Oleh: Wahyudi Hardianto

Presiden dan Wakil Presiden Terpilih Ir. H Joko Widodo- Prof. Dr (Hc) KH. Ma'ruf Amin Insya Allah akan dilantik pada bulan Oktober  yang akan datang. Tentu seluruh anak bangsa ini berharap, ditangan merekalah Indonesia akan terus membangun peradabannya menuju cita-cita pendiri bangsa ini, juga cita-cita seluruh rakyatnya. Segala hiruk pikuk yang mewarnai jalannya pesta demokrasi rakyat, seyogyanya menjadi pelecut dan penyemangat untuk membangkitkan semangat nasionalisme untuk tujuan kemakmuran, kesejahteraan dan keadilan bagi rakyat.
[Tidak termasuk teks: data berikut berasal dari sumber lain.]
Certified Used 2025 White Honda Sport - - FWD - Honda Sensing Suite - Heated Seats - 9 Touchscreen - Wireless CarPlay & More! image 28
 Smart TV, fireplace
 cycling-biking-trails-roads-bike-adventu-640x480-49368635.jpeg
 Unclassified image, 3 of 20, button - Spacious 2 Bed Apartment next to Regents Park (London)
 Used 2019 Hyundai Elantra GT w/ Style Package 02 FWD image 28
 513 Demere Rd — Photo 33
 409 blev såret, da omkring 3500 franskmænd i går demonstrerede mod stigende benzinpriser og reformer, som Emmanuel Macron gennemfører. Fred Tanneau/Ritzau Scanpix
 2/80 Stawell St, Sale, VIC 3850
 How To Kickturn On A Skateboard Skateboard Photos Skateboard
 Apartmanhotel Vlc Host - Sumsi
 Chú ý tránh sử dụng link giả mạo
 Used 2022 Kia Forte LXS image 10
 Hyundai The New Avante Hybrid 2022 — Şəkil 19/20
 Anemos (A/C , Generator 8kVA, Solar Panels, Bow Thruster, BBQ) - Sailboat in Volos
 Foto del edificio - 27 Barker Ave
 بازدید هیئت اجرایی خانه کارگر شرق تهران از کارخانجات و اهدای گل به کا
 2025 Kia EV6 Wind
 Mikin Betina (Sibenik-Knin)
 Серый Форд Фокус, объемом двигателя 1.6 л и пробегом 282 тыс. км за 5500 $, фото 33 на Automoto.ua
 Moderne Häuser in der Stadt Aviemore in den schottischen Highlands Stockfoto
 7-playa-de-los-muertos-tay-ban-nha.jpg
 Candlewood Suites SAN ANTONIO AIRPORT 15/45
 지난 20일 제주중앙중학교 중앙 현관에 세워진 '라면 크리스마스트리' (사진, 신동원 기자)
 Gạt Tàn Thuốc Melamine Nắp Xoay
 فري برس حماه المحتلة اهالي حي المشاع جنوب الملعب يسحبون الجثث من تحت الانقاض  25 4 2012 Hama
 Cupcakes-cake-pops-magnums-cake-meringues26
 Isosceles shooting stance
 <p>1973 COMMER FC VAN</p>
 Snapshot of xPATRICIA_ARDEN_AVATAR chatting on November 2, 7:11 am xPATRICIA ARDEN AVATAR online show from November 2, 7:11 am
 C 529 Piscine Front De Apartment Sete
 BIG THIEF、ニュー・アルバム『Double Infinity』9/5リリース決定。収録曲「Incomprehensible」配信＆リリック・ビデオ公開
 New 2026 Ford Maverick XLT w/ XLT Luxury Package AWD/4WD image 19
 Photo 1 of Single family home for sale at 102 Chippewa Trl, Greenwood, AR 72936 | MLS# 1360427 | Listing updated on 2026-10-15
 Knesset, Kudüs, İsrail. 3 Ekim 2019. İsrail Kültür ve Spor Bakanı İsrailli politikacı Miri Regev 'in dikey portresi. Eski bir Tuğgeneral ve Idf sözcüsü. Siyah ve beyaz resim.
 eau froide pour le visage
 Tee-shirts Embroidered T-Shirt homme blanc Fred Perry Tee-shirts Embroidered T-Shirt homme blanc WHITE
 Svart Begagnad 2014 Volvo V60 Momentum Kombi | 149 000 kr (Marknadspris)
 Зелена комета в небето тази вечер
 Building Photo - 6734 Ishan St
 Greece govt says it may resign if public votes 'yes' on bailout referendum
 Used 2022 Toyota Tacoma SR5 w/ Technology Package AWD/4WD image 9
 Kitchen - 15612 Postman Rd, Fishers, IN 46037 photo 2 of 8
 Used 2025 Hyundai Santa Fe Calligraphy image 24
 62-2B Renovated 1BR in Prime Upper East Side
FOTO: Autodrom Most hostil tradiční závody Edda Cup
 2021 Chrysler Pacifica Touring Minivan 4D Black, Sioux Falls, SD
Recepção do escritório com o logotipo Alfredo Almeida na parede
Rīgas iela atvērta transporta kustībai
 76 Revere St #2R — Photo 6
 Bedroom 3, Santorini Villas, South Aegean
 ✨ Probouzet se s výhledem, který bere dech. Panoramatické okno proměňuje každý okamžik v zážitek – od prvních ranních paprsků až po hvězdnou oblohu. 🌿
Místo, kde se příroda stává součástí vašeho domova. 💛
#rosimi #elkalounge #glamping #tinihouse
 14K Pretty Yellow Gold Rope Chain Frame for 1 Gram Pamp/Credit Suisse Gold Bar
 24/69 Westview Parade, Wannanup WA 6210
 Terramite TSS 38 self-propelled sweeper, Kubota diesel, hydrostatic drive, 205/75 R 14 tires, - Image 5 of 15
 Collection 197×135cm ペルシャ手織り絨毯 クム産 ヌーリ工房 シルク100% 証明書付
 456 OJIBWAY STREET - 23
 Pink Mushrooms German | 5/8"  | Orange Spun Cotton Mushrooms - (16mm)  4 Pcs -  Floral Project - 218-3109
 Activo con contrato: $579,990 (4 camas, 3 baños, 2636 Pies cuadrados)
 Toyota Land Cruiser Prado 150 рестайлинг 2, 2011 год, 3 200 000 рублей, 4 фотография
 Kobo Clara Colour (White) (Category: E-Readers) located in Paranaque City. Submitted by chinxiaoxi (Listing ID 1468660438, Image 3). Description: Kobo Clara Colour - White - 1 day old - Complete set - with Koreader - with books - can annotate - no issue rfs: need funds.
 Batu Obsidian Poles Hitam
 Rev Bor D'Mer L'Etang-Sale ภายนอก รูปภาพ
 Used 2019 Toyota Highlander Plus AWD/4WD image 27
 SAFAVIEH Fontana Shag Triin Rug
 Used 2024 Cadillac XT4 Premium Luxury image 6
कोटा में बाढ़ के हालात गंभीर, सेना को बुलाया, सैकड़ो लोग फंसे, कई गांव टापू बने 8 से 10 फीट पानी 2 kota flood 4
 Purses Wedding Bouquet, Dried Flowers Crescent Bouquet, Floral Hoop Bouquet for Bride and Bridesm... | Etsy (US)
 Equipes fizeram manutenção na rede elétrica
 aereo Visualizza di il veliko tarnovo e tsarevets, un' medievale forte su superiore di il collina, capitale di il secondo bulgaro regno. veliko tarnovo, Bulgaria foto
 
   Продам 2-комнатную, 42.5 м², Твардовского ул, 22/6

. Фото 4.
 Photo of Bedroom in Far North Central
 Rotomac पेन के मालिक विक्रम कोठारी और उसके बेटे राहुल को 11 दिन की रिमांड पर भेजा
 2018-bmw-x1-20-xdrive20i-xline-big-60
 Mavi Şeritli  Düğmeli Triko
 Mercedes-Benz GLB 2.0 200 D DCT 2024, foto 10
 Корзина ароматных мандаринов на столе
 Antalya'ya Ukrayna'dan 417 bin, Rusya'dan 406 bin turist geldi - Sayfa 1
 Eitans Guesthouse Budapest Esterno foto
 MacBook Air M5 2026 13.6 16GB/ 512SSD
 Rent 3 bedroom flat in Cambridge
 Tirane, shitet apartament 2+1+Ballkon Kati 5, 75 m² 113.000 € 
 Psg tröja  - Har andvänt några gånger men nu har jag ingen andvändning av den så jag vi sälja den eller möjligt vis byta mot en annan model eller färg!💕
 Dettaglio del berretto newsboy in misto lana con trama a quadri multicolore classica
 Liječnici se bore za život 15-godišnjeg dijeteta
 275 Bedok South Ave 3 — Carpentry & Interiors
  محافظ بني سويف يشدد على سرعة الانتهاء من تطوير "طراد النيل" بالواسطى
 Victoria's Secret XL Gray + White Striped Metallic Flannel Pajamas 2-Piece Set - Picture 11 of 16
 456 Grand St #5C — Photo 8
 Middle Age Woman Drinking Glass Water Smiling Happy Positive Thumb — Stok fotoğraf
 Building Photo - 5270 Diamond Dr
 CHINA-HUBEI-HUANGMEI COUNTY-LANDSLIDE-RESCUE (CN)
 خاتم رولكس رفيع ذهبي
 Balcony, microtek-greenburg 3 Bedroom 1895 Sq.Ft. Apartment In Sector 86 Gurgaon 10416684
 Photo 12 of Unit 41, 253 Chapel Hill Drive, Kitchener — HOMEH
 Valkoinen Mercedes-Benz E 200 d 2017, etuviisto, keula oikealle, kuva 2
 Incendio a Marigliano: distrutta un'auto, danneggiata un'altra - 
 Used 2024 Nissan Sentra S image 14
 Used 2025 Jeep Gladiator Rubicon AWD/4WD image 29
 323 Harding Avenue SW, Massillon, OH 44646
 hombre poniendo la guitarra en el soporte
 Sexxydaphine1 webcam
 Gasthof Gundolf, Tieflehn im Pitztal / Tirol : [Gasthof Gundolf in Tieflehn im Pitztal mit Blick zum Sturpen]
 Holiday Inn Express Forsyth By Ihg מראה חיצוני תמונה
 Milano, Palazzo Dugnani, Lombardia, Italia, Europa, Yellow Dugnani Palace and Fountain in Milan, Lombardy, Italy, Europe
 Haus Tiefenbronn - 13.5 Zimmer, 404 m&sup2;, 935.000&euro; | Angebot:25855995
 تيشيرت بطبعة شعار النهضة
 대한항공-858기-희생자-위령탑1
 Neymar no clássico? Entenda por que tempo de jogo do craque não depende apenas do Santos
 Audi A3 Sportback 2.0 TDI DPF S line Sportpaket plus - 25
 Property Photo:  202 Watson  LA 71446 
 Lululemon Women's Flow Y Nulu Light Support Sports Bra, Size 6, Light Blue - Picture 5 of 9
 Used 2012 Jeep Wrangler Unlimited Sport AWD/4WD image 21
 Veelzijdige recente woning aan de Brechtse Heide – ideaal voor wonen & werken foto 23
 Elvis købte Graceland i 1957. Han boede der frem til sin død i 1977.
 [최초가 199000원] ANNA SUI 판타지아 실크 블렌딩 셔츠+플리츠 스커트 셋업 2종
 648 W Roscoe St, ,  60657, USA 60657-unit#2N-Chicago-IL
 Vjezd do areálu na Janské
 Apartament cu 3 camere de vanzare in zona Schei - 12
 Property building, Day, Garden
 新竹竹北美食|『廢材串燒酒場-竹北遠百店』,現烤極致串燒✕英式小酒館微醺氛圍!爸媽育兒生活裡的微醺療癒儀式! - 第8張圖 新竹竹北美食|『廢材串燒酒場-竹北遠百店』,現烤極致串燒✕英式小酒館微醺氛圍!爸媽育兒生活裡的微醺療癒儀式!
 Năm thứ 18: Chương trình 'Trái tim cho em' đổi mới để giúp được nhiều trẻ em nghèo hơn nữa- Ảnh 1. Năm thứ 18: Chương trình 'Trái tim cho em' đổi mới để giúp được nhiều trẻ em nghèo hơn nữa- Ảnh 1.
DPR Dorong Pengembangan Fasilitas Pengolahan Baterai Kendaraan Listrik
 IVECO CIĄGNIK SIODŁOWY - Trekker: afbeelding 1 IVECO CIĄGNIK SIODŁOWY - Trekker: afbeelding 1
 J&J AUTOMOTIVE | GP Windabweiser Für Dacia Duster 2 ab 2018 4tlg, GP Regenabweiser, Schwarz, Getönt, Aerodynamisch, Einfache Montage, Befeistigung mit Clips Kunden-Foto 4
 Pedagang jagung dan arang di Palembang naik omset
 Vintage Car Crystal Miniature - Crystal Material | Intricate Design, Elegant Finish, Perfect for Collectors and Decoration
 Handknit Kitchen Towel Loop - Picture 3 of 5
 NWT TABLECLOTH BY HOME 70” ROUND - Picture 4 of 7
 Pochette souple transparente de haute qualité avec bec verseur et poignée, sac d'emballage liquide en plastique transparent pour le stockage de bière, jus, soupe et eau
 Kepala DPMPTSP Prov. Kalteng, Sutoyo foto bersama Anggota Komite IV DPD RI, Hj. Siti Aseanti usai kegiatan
Bahwa demokrasi yang kita jalankan dan Pemilihan Umum sebagai sarananya merupakan alat yang telah disepakati oleh rakyat Indonesia melalui perwakilannya yang duduk di parlemen. Suka atau tidak suka, formula demokrasi yang sedang berjalan merupakan konsensus nasional yang telah berjalan sejak tahun 1955. Itu berarti pemilihan umum kita telah berlangsung 12 (dua Belas ) kali dalam rentang waktu perjalanan negera ini. Dari perhelatan akbar ini, 4 (empat) pemilu diantaranya juga dilaksanakan Pemilihan Presiden dan Wakil Presiden secara langsung dan pada pemilu yang terkhir (2019)  terjadi lompatan besar dengan berlangsungnya pemilihan calon anggota parlemen dan calon presiden/Wakil Presiden secara bersamaan.

Narasi soal ekonomi nasional, pemerataan pembangunan, penegakan hukum yang adil dan merata, islami tidak islami, pro Ulama atau sebaliknya, cebong-kampret, nasionalisme -anti nsionalisme dan narasi-narasi lainnya menjadi puncak polarisasi kita sebagai anak bangsa yang sedang berpesta. Walaupun dalam catatan sejarah pasca reformasi 1998, bahwa Pemilu dan Pilpres mencatatkan angka partisipasi pemilih sebanyak 81 %, meningkat 10-11% dari pesta rakyat 2014 yang juga mempertandingkan dua putra terbaik bangsa Pak Joko Widodo dan pak Prabowo Subianto.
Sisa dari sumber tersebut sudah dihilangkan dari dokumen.